WORK TO BE COMPLETED:
Write the records out again in full, word for word.
□ □ □
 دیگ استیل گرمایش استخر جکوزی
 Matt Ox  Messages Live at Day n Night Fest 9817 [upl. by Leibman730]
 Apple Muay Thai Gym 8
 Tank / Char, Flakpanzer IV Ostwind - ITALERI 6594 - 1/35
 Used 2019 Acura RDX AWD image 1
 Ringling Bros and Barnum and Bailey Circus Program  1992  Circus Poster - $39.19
□ □ □
TASK RESPONSE:
 دیگ استیل گرمایش استخر جکوزی
 Matt Ox  Messages Live at Day n Night Fest 9817 [upl. by Leibman730]
 Apple Muay Thai Gym 8
 Tank / Char, Flakpanzer IV Ostwind - ITALERI 6594 - 1/35
 Used 2019 Acura RDX AWD image 1
 Ringling Bros and Barnum and Bailey Circus Program  1992  Circus Poster - $39.19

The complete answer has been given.